The first case we check is \(D = {{\mathrm{Median}}}(\mathbf {P})\). Here, we have to prove the following.

$$\begin{aligned} \begin{array}{l} F_D > \frac{1}{2} \end{array}\iff \begin{array}{l} D(\mathbf {P}, \mathbf {R}_D) < D(\mathbf {P}, \mathbf {R}_{\textit{PD}})\,\wedge \\ D(\mathbf {P}, \mathbf {R}_D) < D(\mathbf {P}, \mathbf {R}_I)\,\wedge \\ D(\mathbf {P}, \mathbf {R}_D) < D(\mathbf {P}, \mathbf {R}_{PT})\,\wedge \\ D(\mathbf {P}, \mathbf {R}_D) < D(\mathbf {P}, \mathbf {R}_T) \end{array} \end{aligned}$$

(9)

We use expressions from Eqs. (4)–(8), apply basic arithmetic operations and the Eq. (9) simplifies to the following.

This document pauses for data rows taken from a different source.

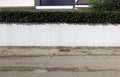 White plaster fence with low hedge above. Tiled concrete sidewalk and street in front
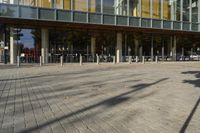 a modern building with lots of glass on the outside and inside of it, with a pedestrian pathway outside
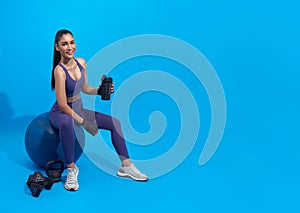 Asian beautiful happy woman holding bottle and sitting on fit ball after exercise isolated on blue background. Woman healthy and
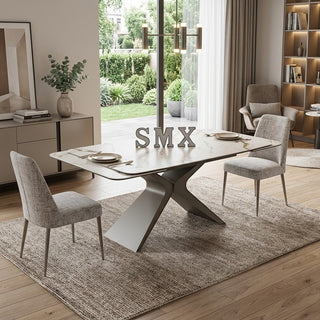 Modern ceramic extending dining table with chairs and decorative elements.
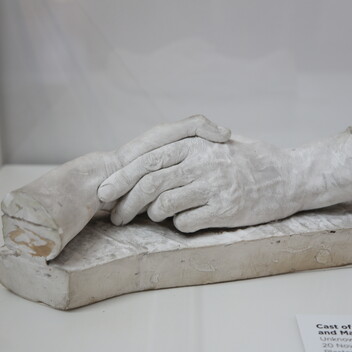 A cast of two hands holding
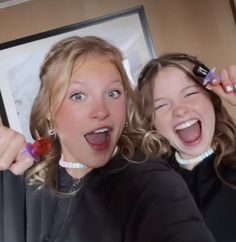 two young women are brushing their hair together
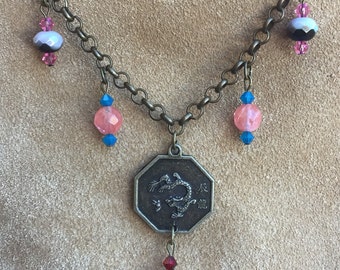 May include: Antique bronze-toned necklace featuring a dragon pendant and various beaded accents. The necklace has a chain with pink, blue, and iridescent beads. The pendant is an octagon shape with a dragon design and Chinese characters.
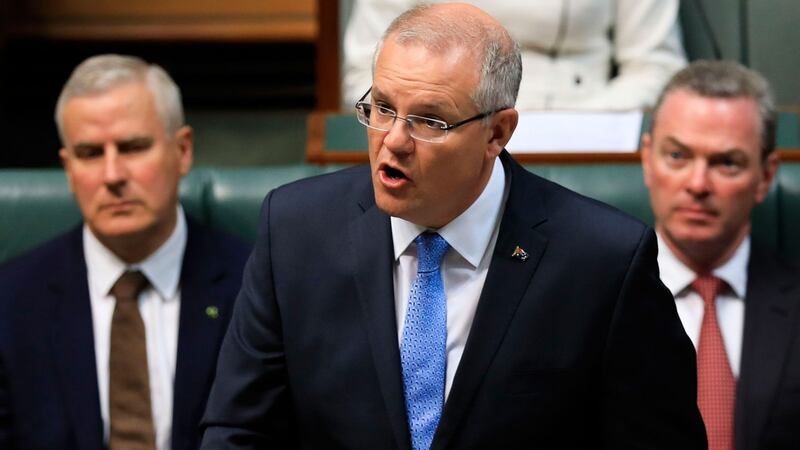 Australia’s prime minister Scott Morrison (centre) delivers a national apology to child sex abuse victims in the House of Representatives in Parliament House, Canberra, on Monday. Photograph: Sean Davey/AFP/Getty Images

$$\begin{aligned} \begin{array}{l} F_D > \frac{1}{2} \end{array} \iff \begin{array}{l} \frac{1}{2} < F_D\, \wedge \\ 1 < F_D + F_{\textit{PD}} \,\wedge \\ \frac{3}{2} < F_D + F_{\textit{PD}} + F_I\, \wedge \\ 2 < F_D + F_{\textit{PD}} + F_I + F_{PT} \end{array} \end{aligned}$$

(10)

Because of Lemma 2, the first component on the right side is the strictest, thus we can drop the remaining three. We obtain the desired result.

$$\begin{aligned} F_D > \frac{1}{2} \iff \frac{1}{2} < F_D \end{aligned}$$

(11)

The second case covers \(PD = {{\mathrm{Median}}}(\mathbf {P})\). Now, we have to show the following.

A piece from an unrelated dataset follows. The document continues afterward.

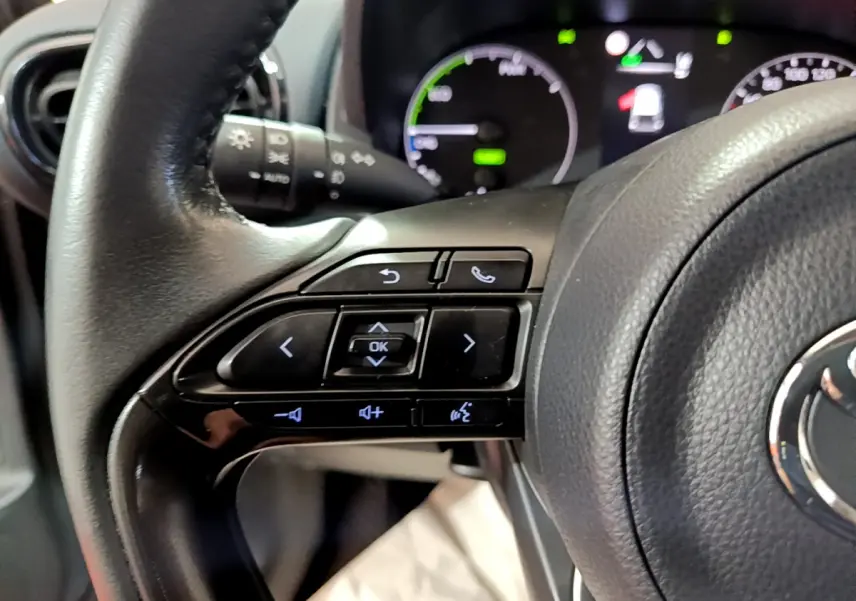 Gros plan sur le volant cuir de la Toyota Yaris hybride 2021, côté gauche avec commandes multifonctions visibles.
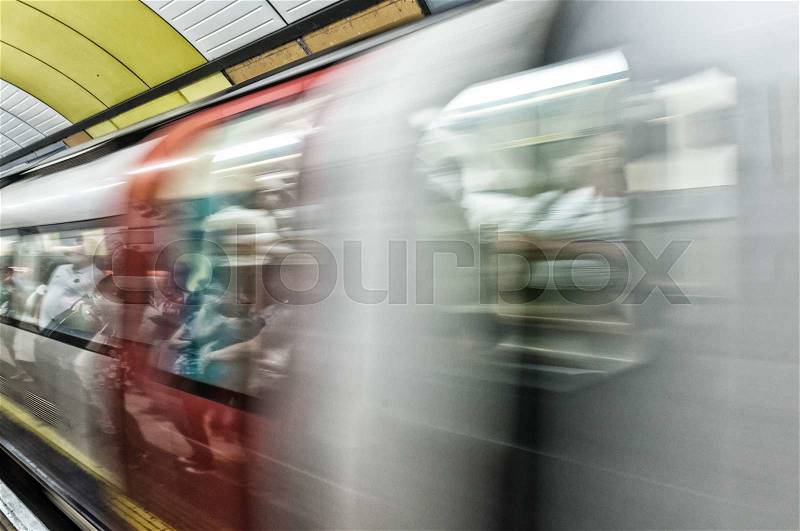 Blurred image of London underground train moving fast, stock photo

$$\begin{aligned} \begin{array}{l} F_D \le \frac{1}{2} \wedge F_PD > \frac{1}{2} \end{array} \iff \begin{array}{l} D(\mathbf {P}, \mathbf {R}_{\textit{PD}}) \le D(\mathbf {P}, \mathbf {R}_D)\, \wedge \\ D(\mathbf {P}, \mathbf {R}_{\textit{PD}}) < D(\mathbf {P}, \mathbf {R}_I) \,\wedge \\ D(\mathbf {P}, \mathbf {R}_{\textit{PD}}) < D(\mathbf {P}, \mathbf {R}_{PT})\, \wedge \\ D(\mathbf {P}, \mathbf {R}_{\textit{PD}}) < D(\mathbf {P}, \mathbf {R}_T) \end{array} \end{aligned}$$

(12)

We use the greater-or-equal-to operator on the first component on the right side of Eq. (12), because in cases when \(D(\mathbf {P}, \mathbf {R}_D) = D(\mathbf {P}, \mathbf {R}_{\textit{PD}})\), the aggregation method selects PD (the highest between \(D\) and PD; see Definition 4, where we use the maximal operator). We plug in Eqs. (4)–(8) and the expression simplifies.

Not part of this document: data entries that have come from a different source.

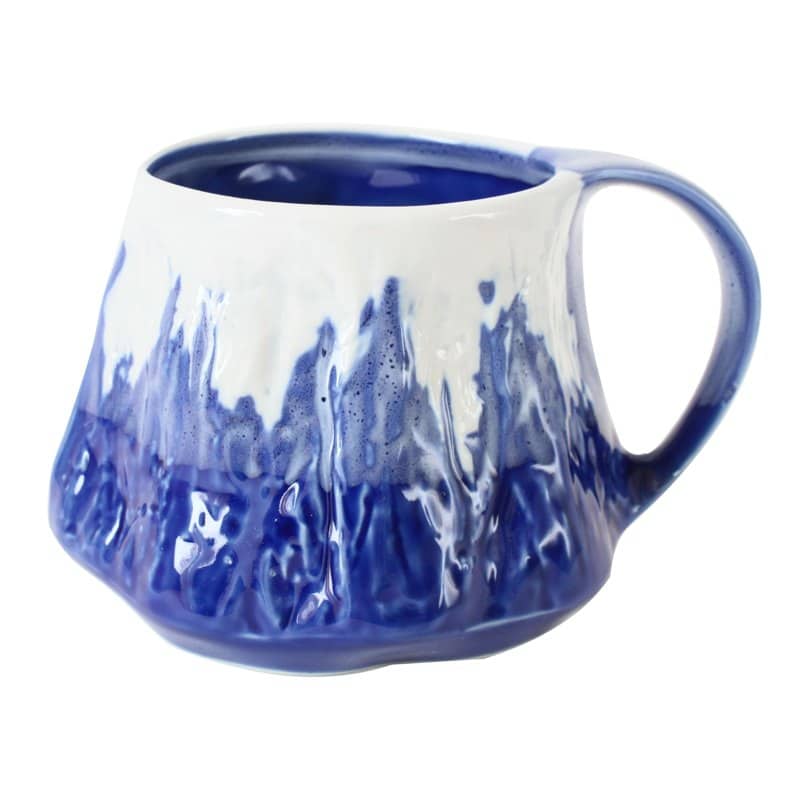 A blue and white Mino ware mug shaped like Mount Fuji with a snowy rim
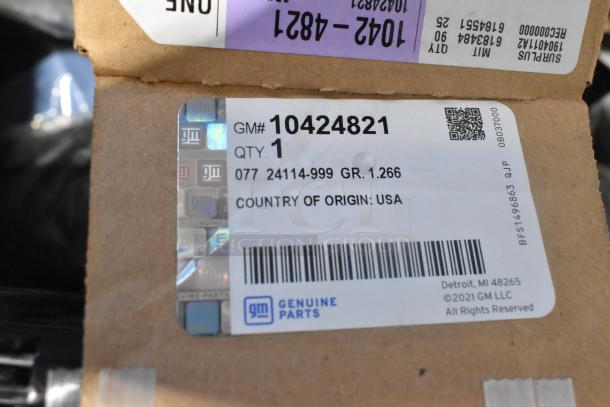 Brand new GM car parts including GM 10424821 grille assembly box with label, quantity 1, made in USA, in black poly bin.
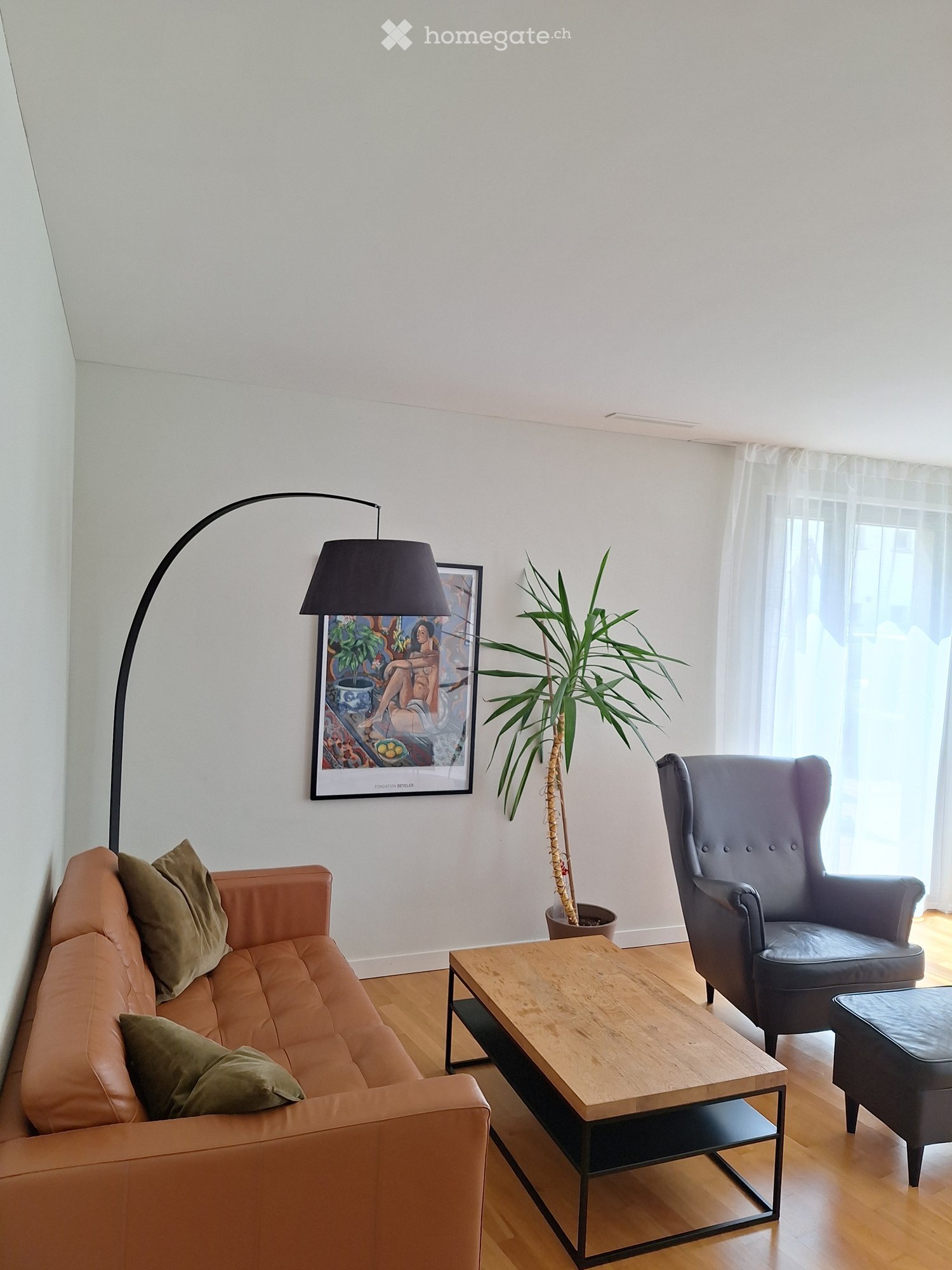 Modern living room with a light brown leather sofa, wooden coffee table, grey armchair, floor lamp, potted plant, and artwork on the wall.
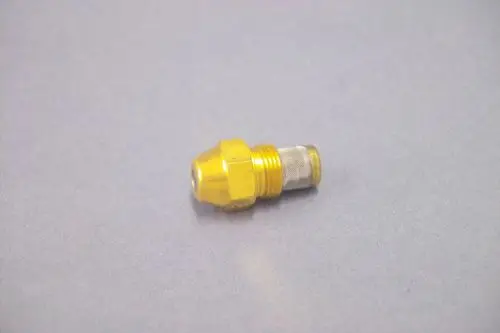 Brötje Düse in gelber Farbe mit konischem Kopf und metallem Anschluss, geeignet für Heizungsanwendungen, auf grauem Hintergrund.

$$\begin{aligned} \begin{array}{l} F_D \le \frac{1}{2} \wedge F_{\textit{PD}} > \frac{1}{2} \end{array} \iff \begin{array}{l} \frac{1}{2} \ge F_D\,\wedge \\ \frac{1}{2} < F_{\textit{PD}}\, \wedge \\ 1 < F_{\textit{PD}} + F_I\,\wedge \\ \frac{3}{2} < F_{\textit{PD}} + F_I + F_{PT} \end{array} \end{aligned}$$

(13)

Because of Lemma 2, the second component on the right side is stricter than third and forth, thus we can omit them. We obtain the desired result.

$$\begin{aligned} F_D \le \frac{1}{2} \wedge F_{\textit{PD}} > \frac{1}{2} \iff \frac{1}{2} \ge F_D \wedge \frac{1}{2} < F_{\textit{PD}} \end{aligned}$$

(14)

In the third case, we cover \(I = {{\mathrm{Median}}}(\mathbf {P})\). We show that the following holds.

$$\begin{aligned} \begin{array}{l} F_{\textit{PD}} \le \frac{1}{2} \wedge F_I > \frac{1}{2} \end{array} \iff \begin{array}{l} D(\mathbf {P}, \mathbf {R}_I) \le D(\mathbf {P}, \mathbf {R}_D)\,\wedge \\ D(\mathbf {P}, \mathbf {R}_I) \le D(\mathbf {P}, \mathbf {R}_{\textit{PD}})\,\wedge \\ D(\mathbf {P}, \mathbf {R}_I) < D(\mathbf {P}, \mathbf {R}_{PT})\,\wedge \\ D(\mathbf {P}, \mathbf {R}_I) < D(\mathbf {P}, \mathbf {R}_T) \end{array} \end{aligned}$$

(15)

Again, plugging in Eqs. (4)–(8) yields Eq. (16).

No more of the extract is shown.